Newly released emails show that a former Democratic National Committee official and lobbyist for the Turkish government directly contacted two of Hillary Clinton’s top aides to ask for a favor ahead of the then-secretary of state’s March 2009 visit to Turkey.
The correspondence raises numerous questions because the lobbyist, David Mercer, was paid $25,000 a month by the Turkish government to convince lawmakers and government officials to oppose a bill designating the Ottoman Empire’s murder of an estimated 1.5 million Armenian Orthodox Christians from 1915 to 1917 a genocide.
Clinton once touted her support for the resolution but flip-flopped dramatically after she joined the Obama administration.
Mercer, who once served as deputy national finance director for the DNC, also appears to have failed to disclose the contact with the two Clinton aides — her deputy chief of staff Huma Abedin and Capricia Penavic Marshall, then an operative for one of Clinton’s campaign committees — under the Foreign Agents Registration Act (FARA).
The emails, which are entitled “Key Contact” and which the State Department recently turned over to the watchdog group Judicial Watch, offer a rare glimpse at a lobbyist comfortable enough with a Clinton insider to boldly ask for political favors.
[dcquiz] “Hi Huma — Hope all’s well and you’re having a successful trip. Could you please make contact with [redacted]? I greatly appreciate it. If you need additional information don’t hesitate to email me or reach me by cell at [redacted],” Mercer wrote to Abedin on March 4, just days ahead of Clinton’s first visit to Turkey as secretary of state.
While in Turkey Clinton met with then-President Abdullah Gul, then-Prime Minister Recep Tayyip Erdoğan, and Foreign Minister Ali Babacan. In her public remarks she touted the two countries’ NATO alliance and partnership in fighting terrorism.
The U.S.’s reliance on the relatively moderate Islamic regime in the fight against terror helps explain administrations past and present have been hesitant to label the mass slaughter of Armenians a genocide. Turkey strongly opposes the resolution and has threatened economic and diplomatic retaliation if one is passed.
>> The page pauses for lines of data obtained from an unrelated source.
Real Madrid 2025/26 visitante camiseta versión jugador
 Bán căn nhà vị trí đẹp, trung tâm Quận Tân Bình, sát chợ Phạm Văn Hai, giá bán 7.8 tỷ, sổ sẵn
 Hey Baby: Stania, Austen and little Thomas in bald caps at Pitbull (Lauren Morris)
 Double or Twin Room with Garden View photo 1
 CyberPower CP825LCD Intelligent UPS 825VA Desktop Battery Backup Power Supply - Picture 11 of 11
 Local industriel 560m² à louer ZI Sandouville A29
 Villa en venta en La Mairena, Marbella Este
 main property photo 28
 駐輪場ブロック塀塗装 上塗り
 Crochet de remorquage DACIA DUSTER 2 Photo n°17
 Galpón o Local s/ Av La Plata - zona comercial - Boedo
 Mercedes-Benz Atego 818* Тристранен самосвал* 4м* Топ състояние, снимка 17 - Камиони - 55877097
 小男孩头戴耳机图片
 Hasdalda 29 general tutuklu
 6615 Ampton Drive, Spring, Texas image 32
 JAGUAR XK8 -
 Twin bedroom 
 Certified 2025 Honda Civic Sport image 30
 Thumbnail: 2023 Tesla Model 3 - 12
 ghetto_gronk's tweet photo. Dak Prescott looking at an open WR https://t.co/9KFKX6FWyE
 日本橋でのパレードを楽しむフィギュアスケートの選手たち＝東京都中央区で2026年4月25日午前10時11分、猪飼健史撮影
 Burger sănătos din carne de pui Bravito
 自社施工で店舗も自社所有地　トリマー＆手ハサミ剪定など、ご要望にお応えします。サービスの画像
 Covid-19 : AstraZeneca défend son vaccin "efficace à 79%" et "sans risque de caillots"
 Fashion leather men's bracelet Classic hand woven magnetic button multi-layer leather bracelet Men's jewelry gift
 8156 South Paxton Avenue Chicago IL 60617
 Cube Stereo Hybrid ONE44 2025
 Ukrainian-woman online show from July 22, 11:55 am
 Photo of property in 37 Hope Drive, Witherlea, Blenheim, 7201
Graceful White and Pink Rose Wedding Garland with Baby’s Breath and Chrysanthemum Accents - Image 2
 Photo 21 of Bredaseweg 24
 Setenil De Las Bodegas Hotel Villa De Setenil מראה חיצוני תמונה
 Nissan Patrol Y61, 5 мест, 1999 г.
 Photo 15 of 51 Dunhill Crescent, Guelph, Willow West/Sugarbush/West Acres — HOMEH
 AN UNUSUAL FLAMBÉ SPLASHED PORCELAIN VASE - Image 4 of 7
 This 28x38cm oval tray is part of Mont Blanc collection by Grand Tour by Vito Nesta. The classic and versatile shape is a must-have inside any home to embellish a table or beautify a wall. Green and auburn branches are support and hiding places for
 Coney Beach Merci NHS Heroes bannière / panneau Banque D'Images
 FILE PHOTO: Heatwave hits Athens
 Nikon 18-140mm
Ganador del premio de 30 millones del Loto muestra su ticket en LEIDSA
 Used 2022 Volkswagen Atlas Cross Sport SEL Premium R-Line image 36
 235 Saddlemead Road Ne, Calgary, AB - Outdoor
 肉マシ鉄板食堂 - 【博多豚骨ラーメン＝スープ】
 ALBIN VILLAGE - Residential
Mercer is one of the chief players in a powerful network of lobbyists that the Turkish government has paid millions of dollars to help communicate the country’s position on the issue.
Described as a protege to Bill Clinton Sec. of Commerce Ron Brown, Mercer was sub-contracted through the Beltway lobbying firm DLA Piper to handle the $25,000-per-month Turkish lobbying effort. One DLA Piper lobbyist who also worked the account was former House Speaker Richard Gephardt, a Missouri Democrat.
In 2008, DLA Piper was the second biggest corporate contributor to Clinton’s campaign, according to the Center for Responsive Politics. It is listed as the eight largest Clinton donor of the 2016 cycle.
Mercer’s email to Marshall, who at the time worked for the pro-Clinton campaign committee, Friends of Hillary, suggests that the longtime Clinton insider had already moved to help the lobbyist.
“Here’s the email I sent to Huma regarding [redacted]. Thanks very much for your help in all this. It would be great if Huma gave [redacted] a call prior to their arrival in Turkey which I believe is tomorrow,” he wrote to Marshall on March 6.
That August, Marshall would take a job as State’s chief protocol officer. In that role she was in charge of accommodating foreign dignitaries. She received her last paycheck from Friends of Hillary on July 31, 2009, federal records show.
Mercer donated a total of $10,000 to Clinton’s various campaigns, including Friends of Hillary, according to federal records.
Marshall emailed Abedin, who is Muslim, minutes after receiving Mercer’s message.
“On this matter — David called me again and I asked [redacted] to talk to [redacted] and this is what she learned,” she wrote.
It is not entirely clear what the trio discussed in the emails because the State Department redacted portions of the records under an exemption category reserved for attorney-client privilege and the “deliberative process.”
But the messages were sent and received at a crucial inflection point for Clinton on the Armenian genocide issue.
As a New York senator, Clinton supported several resolutions calling for the recognition of the mass murders as genocide. And as a Democratic presidential candidate in 2008 she issued a statement promising to recognize the genocide if elected president. She said then that “alone among the presidential candidates, I have been a long-standing supporter of the Armenian Genocide Resolution.”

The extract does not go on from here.